In the following year, Trend Seminar and eLab – two of the three main courses the CDTM curriculum still consists of – were established. As CDTM should be developed further, the operative role of active students in the following was institutionalized in form of Task Forces. This form of a bottom-up organization is quite unique and has turned out to be a key reason why CDTM has always surprised with its breadth of activities and strong identification of the students with the institution.
Another big step forward was taken in 2001 when a formal contract was developed to establish the CDTM as an official institution of both Munich universities. The contract put the ongoing informal cooperation on firmer foundation and ensured that resources were sustainable and specified many organizational features of CDTM that are still in effect: the Board of Professors and the rotating appointment of Scientific Directors who supervise the management team.
In the year 2001, for the first time, a large project financed by industry and federal ministries allowed CDTM to apply its interdisciplinarity not only to teaching but also to research on a larger scale. It also meant that CDTM could finance a complete team of doctoral students. This form of self-financing in combination with providing a platform for companies to conduct interdisciplinary and applied research has carried CDTM since that time.

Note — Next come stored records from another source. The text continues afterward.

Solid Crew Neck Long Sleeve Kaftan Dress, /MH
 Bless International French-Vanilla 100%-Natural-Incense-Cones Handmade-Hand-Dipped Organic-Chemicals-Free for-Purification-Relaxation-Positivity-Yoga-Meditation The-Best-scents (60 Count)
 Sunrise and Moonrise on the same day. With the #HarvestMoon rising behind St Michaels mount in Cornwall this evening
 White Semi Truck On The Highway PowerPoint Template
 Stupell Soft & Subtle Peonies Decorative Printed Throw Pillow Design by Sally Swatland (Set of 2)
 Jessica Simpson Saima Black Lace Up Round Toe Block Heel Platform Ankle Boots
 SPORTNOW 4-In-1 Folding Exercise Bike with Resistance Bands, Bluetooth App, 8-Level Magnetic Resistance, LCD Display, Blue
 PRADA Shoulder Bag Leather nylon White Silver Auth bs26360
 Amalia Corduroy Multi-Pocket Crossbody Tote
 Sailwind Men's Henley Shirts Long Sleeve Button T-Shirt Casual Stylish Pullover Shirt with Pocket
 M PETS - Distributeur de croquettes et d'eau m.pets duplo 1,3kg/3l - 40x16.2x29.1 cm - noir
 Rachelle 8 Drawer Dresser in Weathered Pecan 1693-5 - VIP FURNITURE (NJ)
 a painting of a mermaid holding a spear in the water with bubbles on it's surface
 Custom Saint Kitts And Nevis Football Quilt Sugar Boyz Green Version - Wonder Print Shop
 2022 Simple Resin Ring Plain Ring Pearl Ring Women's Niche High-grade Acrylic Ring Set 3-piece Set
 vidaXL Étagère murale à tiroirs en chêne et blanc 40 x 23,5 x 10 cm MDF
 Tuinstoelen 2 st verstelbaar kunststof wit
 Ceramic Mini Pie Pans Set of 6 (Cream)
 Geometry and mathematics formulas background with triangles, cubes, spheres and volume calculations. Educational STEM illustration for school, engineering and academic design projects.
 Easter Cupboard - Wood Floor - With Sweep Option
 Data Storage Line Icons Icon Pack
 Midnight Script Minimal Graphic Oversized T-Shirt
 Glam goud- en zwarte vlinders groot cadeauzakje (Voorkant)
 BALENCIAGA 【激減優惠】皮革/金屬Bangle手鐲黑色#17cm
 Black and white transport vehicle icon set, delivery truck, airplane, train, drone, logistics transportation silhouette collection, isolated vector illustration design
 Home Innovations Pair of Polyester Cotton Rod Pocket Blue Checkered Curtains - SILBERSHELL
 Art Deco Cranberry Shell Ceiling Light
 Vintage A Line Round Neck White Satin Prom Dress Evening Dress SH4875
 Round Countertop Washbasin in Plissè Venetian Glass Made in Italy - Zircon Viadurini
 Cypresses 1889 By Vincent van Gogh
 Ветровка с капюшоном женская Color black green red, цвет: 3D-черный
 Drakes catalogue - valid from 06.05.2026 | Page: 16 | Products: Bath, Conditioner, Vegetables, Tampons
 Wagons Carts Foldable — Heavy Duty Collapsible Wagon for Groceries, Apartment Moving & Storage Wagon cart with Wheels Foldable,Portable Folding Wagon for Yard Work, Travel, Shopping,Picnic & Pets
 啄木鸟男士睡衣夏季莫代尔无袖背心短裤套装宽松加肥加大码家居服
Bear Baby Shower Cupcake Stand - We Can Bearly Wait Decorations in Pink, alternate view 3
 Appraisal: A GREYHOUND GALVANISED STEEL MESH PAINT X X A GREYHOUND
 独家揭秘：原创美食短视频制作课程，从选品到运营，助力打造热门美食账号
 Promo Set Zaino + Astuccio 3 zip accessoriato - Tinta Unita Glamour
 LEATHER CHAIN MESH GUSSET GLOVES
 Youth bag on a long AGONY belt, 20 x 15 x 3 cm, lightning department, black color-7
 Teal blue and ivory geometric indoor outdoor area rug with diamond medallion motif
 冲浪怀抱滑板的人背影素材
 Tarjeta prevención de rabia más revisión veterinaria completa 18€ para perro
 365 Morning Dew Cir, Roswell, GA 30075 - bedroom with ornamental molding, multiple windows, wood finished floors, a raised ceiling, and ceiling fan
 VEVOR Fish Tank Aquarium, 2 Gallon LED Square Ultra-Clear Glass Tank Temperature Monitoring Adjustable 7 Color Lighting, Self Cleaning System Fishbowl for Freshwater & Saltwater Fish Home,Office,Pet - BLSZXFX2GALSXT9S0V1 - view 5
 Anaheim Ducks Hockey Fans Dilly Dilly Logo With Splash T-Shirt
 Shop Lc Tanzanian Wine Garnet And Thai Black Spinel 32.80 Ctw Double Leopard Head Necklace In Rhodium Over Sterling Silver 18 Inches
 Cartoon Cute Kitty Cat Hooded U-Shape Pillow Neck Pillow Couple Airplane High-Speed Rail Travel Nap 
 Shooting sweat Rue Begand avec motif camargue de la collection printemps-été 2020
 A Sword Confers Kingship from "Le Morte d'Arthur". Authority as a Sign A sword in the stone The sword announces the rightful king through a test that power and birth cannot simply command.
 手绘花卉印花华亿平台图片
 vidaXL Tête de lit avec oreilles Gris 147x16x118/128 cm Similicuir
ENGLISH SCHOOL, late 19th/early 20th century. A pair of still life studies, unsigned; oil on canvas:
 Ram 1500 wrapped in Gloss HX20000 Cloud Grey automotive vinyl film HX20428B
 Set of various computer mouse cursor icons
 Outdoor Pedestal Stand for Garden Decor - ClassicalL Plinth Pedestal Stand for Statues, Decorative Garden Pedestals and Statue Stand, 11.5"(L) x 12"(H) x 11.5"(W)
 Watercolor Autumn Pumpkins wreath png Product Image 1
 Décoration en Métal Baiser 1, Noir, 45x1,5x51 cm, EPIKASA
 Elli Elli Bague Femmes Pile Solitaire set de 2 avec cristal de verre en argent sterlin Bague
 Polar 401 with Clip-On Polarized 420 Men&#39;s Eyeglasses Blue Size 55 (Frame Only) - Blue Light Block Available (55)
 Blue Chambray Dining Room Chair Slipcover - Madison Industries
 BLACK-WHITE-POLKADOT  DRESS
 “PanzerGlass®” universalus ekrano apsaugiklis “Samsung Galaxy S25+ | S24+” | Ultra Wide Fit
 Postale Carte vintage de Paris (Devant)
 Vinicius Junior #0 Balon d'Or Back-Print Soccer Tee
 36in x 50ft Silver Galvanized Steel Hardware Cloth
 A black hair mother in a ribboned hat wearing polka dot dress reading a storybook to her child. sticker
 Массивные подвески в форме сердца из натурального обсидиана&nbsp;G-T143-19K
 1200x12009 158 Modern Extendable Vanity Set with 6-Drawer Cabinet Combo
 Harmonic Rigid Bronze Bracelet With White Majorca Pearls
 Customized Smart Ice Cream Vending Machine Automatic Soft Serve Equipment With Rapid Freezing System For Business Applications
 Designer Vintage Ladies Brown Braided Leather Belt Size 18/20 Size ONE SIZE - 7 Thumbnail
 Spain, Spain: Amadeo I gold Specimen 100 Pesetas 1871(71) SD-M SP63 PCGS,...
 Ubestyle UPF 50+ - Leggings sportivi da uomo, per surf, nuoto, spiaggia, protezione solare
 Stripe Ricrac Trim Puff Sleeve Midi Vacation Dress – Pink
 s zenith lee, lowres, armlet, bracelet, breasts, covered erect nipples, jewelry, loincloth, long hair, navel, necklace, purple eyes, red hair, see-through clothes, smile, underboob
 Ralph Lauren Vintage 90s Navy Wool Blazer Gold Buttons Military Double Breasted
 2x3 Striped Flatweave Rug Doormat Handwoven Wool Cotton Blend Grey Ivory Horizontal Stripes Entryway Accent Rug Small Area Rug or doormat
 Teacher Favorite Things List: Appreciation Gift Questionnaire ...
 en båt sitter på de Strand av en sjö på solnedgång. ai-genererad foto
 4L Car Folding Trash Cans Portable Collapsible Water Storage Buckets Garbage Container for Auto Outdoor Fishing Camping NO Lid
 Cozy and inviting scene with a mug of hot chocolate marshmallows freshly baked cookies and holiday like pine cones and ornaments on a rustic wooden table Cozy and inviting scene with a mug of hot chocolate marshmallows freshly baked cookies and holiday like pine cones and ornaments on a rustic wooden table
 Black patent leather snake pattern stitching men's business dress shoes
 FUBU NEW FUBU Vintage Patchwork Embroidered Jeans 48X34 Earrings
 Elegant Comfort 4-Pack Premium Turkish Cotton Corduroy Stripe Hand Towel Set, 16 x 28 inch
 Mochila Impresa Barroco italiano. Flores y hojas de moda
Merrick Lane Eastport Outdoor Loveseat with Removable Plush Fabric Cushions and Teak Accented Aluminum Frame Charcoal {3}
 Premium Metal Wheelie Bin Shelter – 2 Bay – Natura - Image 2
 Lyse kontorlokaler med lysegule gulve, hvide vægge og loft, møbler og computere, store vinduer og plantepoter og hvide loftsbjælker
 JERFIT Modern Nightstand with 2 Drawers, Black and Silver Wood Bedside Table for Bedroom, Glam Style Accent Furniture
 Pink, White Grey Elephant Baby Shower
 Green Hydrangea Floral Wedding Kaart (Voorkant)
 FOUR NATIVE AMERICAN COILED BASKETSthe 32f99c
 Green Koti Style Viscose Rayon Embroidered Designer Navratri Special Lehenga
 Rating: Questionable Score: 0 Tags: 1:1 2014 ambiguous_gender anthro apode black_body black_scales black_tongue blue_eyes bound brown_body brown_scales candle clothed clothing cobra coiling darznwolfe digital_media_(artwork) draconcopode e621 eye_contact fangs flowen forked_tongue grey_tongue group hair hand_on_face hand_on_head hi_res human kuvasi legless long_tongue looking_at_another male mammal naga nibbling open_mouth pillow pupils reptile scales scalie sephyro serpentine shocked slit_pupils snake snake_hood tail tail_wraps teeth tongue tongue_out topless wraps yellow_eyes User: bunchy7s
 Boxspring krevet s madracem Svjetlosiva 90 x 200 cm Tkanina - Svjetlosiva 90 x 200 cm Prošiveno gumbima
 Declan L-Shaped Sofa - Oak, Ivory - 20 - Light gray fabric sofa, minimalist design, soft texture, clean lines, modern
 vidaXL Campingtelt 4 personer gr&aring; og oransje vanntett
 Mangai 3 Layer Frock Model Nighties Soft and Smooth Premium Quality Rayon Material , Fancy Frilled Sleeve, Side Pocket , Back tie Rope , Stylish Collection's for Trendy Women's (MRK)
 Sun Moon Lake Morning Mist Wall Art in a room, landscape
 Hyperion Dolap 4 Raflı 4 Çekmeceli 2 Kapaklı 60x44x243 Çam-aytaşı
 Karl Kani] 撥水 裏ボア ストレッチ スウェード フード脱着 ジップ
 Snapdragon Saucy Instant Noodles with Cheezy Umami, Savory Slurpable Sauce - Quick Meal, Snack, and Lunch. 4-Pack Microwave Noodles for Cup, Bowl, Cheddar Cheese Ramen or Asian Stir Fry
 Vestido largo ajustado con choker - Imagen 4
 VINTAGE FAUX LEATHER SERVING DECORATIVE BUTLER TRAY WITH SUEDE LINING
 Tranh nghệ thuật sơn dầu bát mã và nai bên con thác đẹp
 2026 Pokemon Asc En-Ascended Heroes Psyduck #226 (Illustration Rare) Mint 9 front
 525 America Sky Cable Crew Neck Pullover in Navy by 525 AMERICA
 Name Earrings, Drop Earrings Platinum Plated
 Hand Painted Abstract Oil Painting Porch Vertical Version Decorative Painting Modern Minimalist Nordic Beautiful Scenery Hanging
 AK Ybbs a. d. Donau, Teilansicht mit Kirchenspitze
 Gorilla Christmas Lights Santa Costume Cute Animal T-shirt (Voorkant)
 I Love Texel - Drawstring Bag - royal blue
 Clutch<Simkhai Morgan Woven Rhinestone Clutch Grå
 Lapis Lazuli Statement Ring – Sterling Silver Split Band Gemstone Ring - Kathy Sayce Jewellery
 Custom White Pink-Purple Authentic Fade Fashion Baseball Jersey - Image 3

The acceptance to ENB: formalization and increasing recognition on state-level
Between 2002 and 2005, CDTM steadily improved: Managing Product Development (MPD) was added to the core curriculum, CDTM moved to larger and more prominent premises in Luisenstraße, and additional cooperations with UC Berkeley and other universities were established. In 2003, CDTM applied for the state’s Elitenetzwerk Bayern (ENB) and its proposition of an “Honors Degree in Technology Management”, including the establishment of a complete, two-year curriculum was selected as one of the first programs of the initiative.
CDTM community value: priceless
Comparing CDTM back then with CDTM at the age of 20 – what has changed? The comparison with a teenager becoming an adult seems remarkably striking. Most importantly, the CDTM community has grown up and grown together. Every few weeks, social events at the Center – both public and internal – draw hundreds of attendees. The annual CDTM Homecoming Weekend in particular has turned out to be one of the cornerstones that have led to rising community engagement.
What’s next? The CDTM manifesto and values
It would not be CDTM, the “Home for Your Ideas” full of co-creators and innovators, if we now rested on our laurels. As a meeting place for highly motivated and talented students from different disciplines, who are passionate about digital technology and strive to put their ideas into practice to shape the world of tomorrow, the CDTM is constantly surrounded by an inexpressible source of energy. A source of energy that makes us feel constantly challenged but never left alone.
Until today, more than 900 “Centerlings” have co-created a global network of innovators that take responsibility to shape our society in the digital era. To continuously connect, educate, and empower the innovators of tomorrow, the CDTM will always be a “Home for Your Ideas” yet has developed further into a breeding ground for sustainable innovations that address the evolving challenges of today with the technologies of tomorrow.